* [Extracted entries]:
- - - - - - -
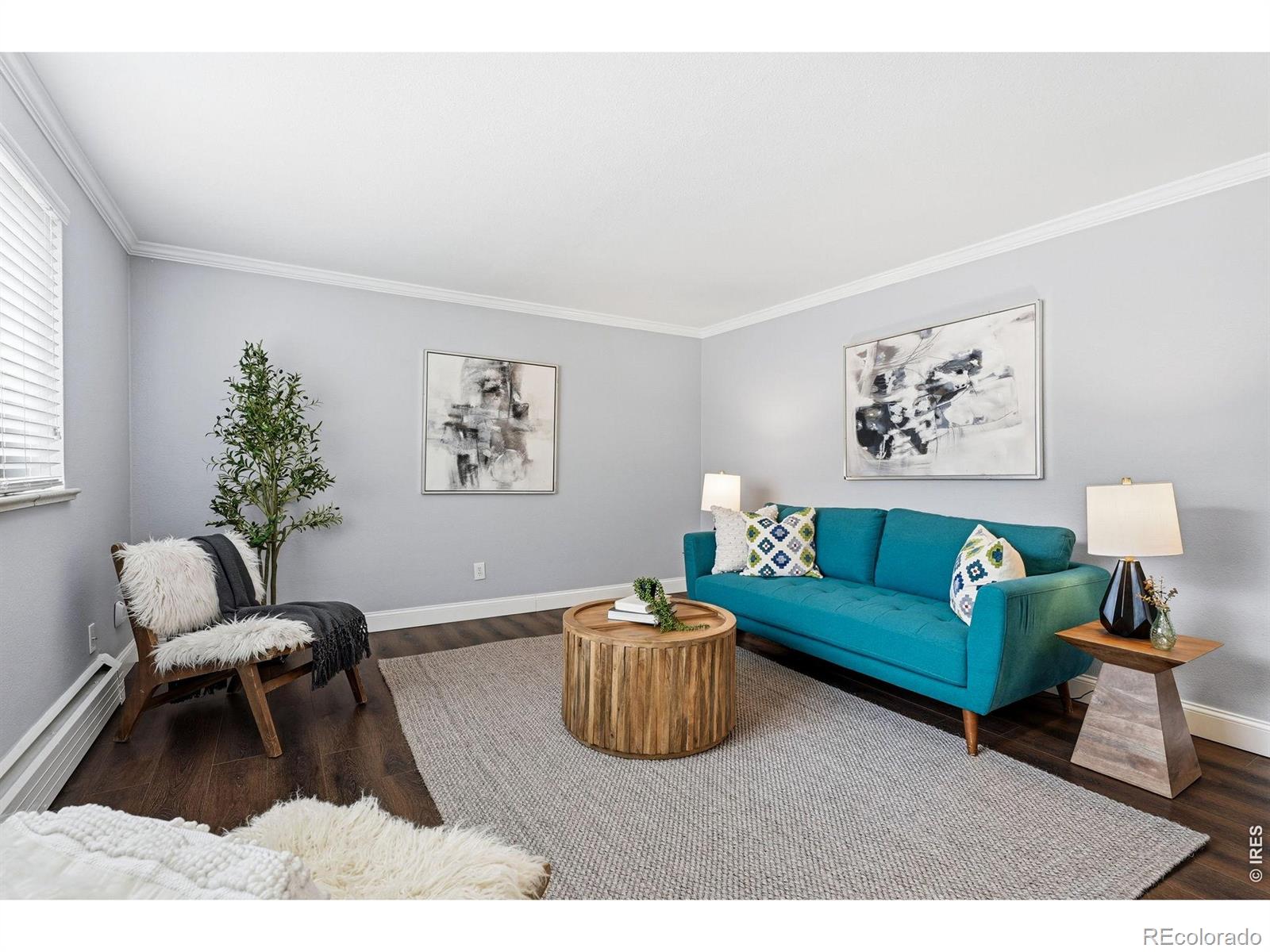 Real Estate Photo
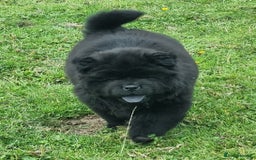 Chow Chow dogs for sale: KC uk registered chow chow puppies  - Image 2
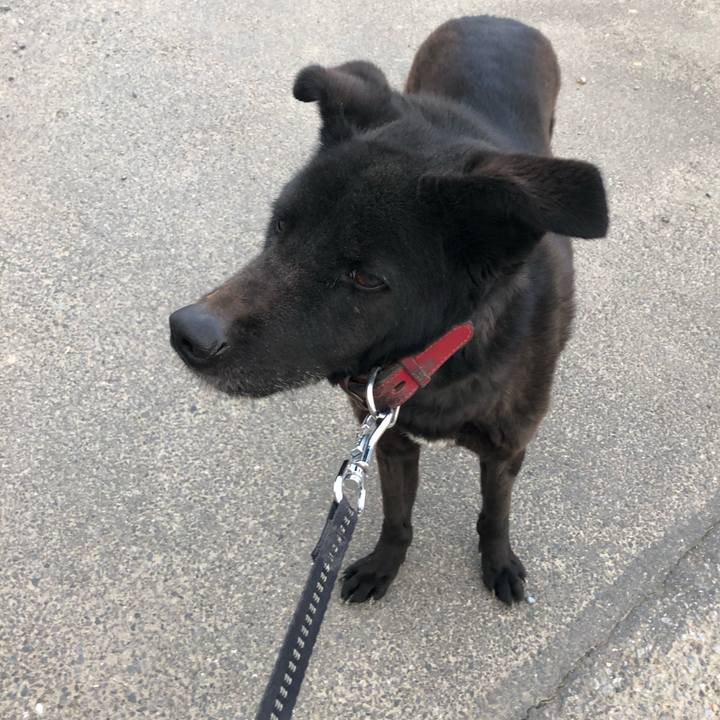 Cb2d1a29 8ad6 4873 926a ea037dca7067 1552809879525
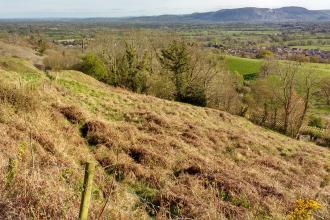 Gwarchodfa Natur Llanymynech Rocks  - golygfa yn y gwanwyn © YNM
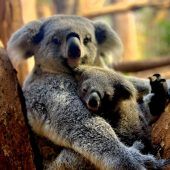 Inala, Ruby oder Mani?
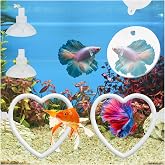 KCMOSGI 2 Pcs Betta Fish Exercise Love Ring &amp; Betta Mirror, Betta Enrichment Toys, Betta Fish Tank Accessories, Betta Fish Toysfor Training, Play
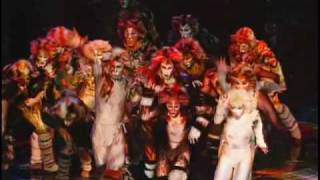 CATS The Musical  National Tour [upl. by Worthington]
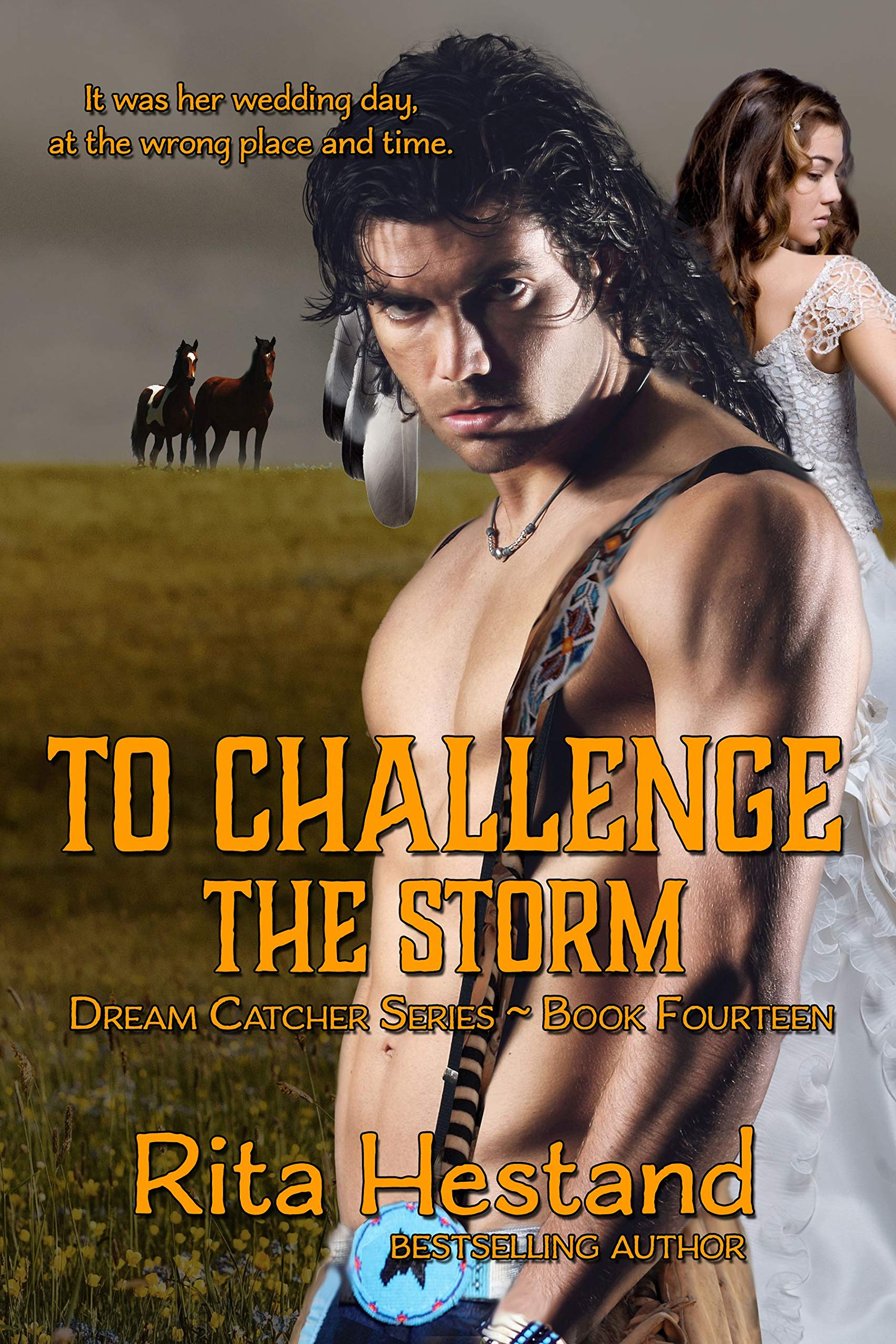 To Challenge the Storm (Dream Catcher Series)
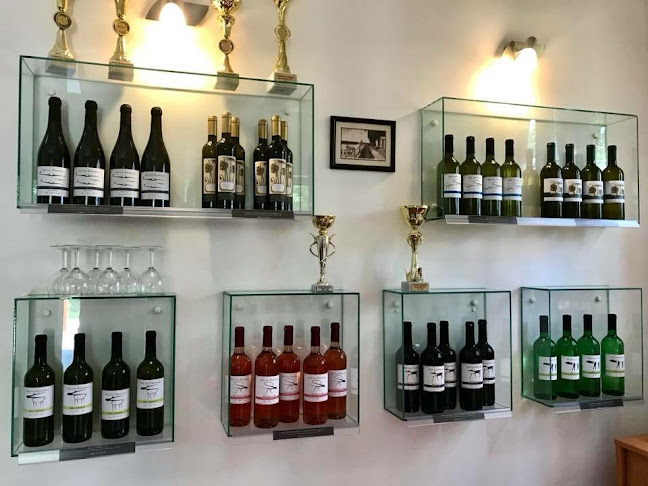 Comentarii opinii despre Mákvirág Borház-vendéglő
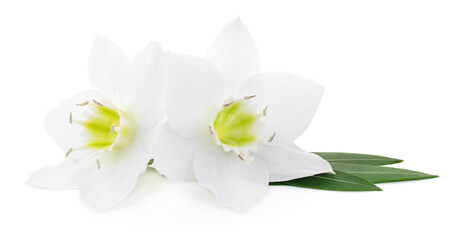 White flowers isolated on white background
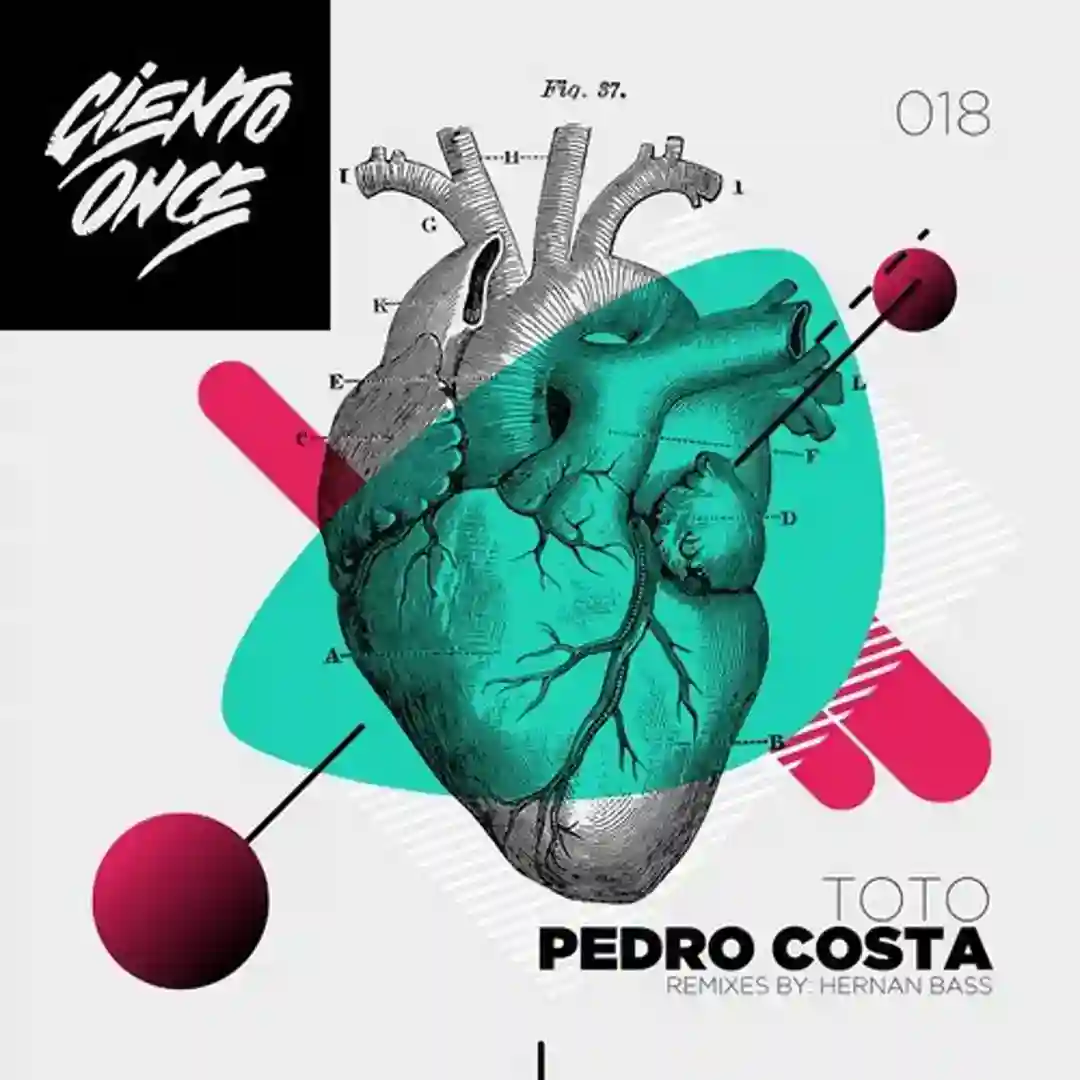Toto cover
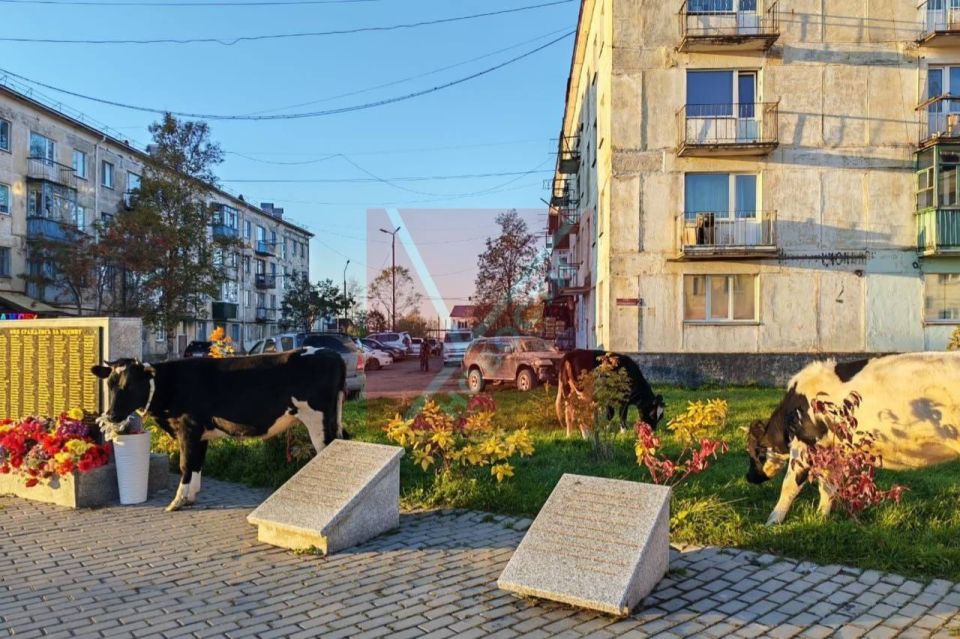 На Сахалине проводят проверку из-за коров, которые забрели на Аллею Памяти На Сахалине проводят проверку из-за коров, которые забрели на Аллею Памяти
- - - - - - -
* [What to do]: Images in the records should not be copied. Repeat all the rest exactly.

* [Task response]:
 Real Estate Photo
 Chow Chow dogs for sale: KC uk registered chow chow puppies  - Image 2
 Cb2d1a29 8ad6 4873 926a ea037dca7067 1552809879525
 Gwarchodfa Natur Llanymynech Rocks  - golygfa yn y gwanwyn © YNM
 Inala, Ruby oder Mani?
 KCMOSGI 2 Pcs Betta Fish Exercise Love Ring &amp; Betta Mirror, Betta Enrichment Toys, Betta Fish Tank Accessories, Betta Fish Toysfor Training, Play
 CATS The Musical  National Tour [upl. by Worthington]
 To Challenge the Storm (Dream Catcher Series)
 Comentarii opinii despre Mákvirág Borház-vendéglő
 White flowers isolated on white background
Toto cover
 На Сахалине проводят проверку из-за коров, которые забрели на Аллею Памяти На Сахалине проводят проверку из-за коров, которые забрели на Аллею Памяти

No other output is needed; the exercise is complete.